Perry mengungkapkan beberapa faktor yang menekan nilai tukar tersebut. "Pertama, kebutuhan valuta asing dari korporasi menjelang akhir bulan relatif tinggi," ujar dia dalam siaran langsung, Rabu, 29 April 2020.
Di samping itu, Perry mengatakan ada sentimen dari penerapan Pembatasan Sosial Berskala Besar (PSBB) di berbagai daerah. Kebijakan tersebut dilihat para pelaku pasar sebagai faktor yang akan menurunkan pertumbuhan ekonomi nasional tahun ini.
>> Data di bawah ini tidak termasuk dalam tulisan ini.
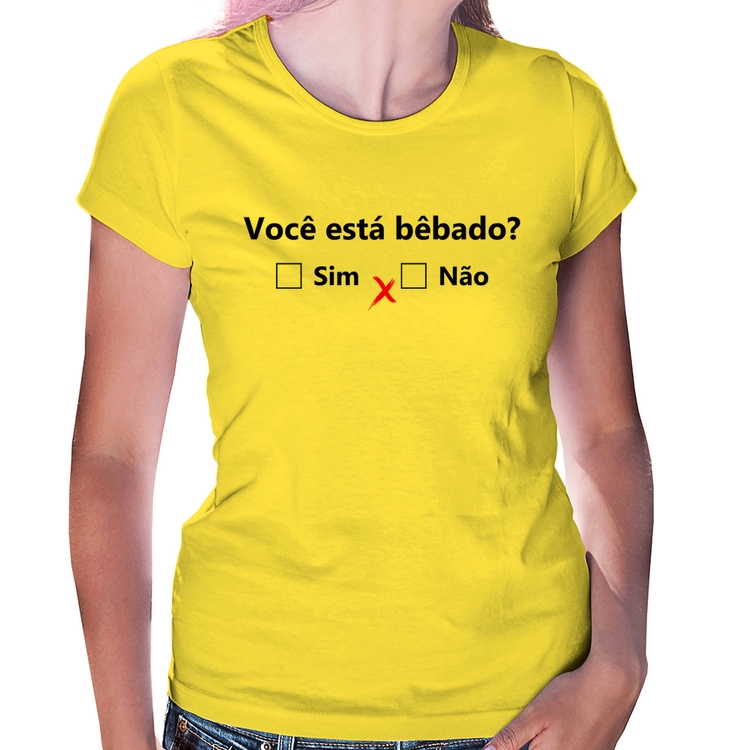 Baby Look Você está bêbado? - Amarela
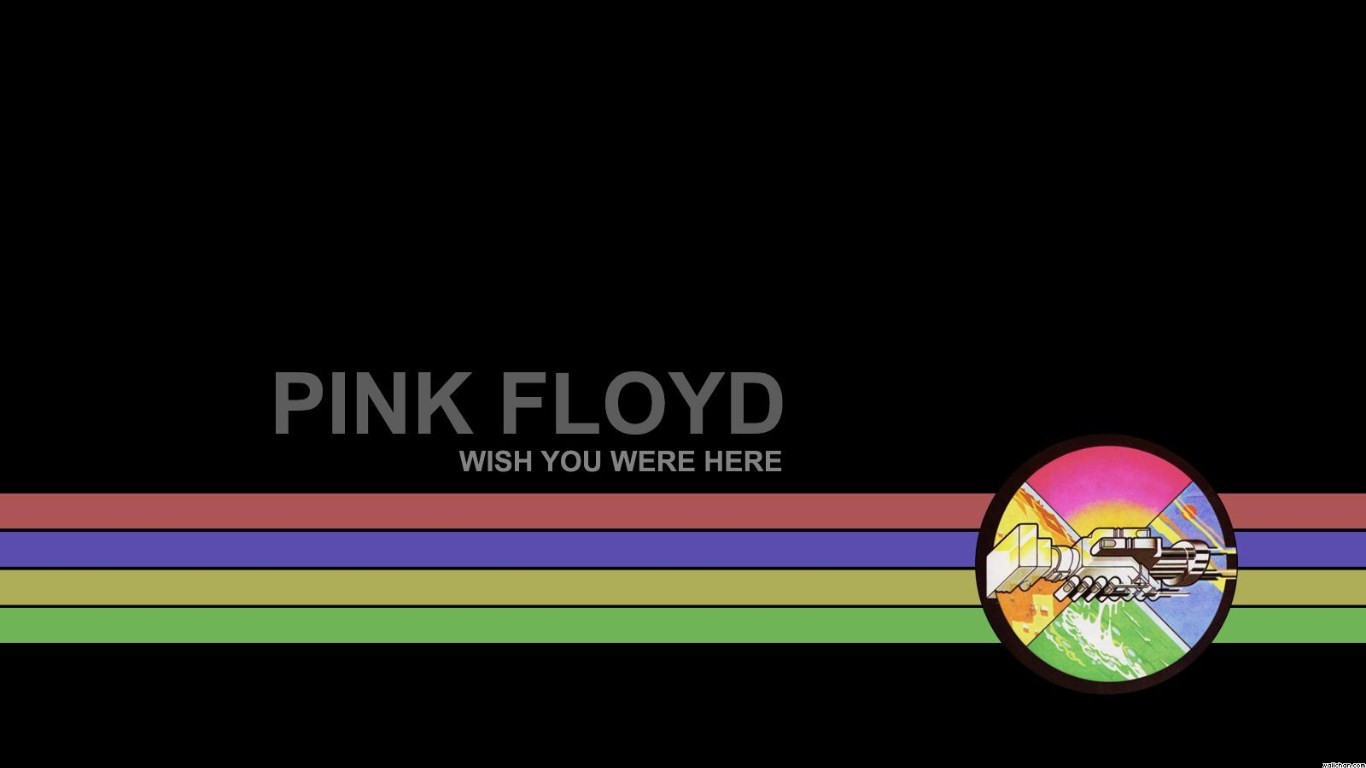 General 1366x768 quote Pink Floyd colorful wish you were here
"Kemudian prediksi Fitch bahwa pertumbuhan ekonomi tahun ini 2,8 persen atau lebih rendah dari tahun sebelumnya, meskipun 2,8 persen lebih tinggi dari perkiraan kami 2,3 persen," tutur Perry.
Di samping berita negatif, Perry mengungkap adanya faktor positif yang mendorong penguatan nilai tukar. Antara lain tingginya minat pasar pada lelang surat berharga negara, kemarin. Lelang itu mengumpulkan jumlah penawaran hingga Rp 44,4 triliun atau atau 2,2 kali dari target minimal.
Kabar baik lainnya muncul dari luar negeri, yaitu menguatnya pasar future saham di Amerika Serikat dan Eropa. "Jadi perkembangan hari ke hari seperti itu tergantung berita," tutur Perry. "Keseluruhan trennya untuk ke depan sampai akhir tahun insya Allah rupiah stabil dan menguat ke arah 15.000 per dolar AS."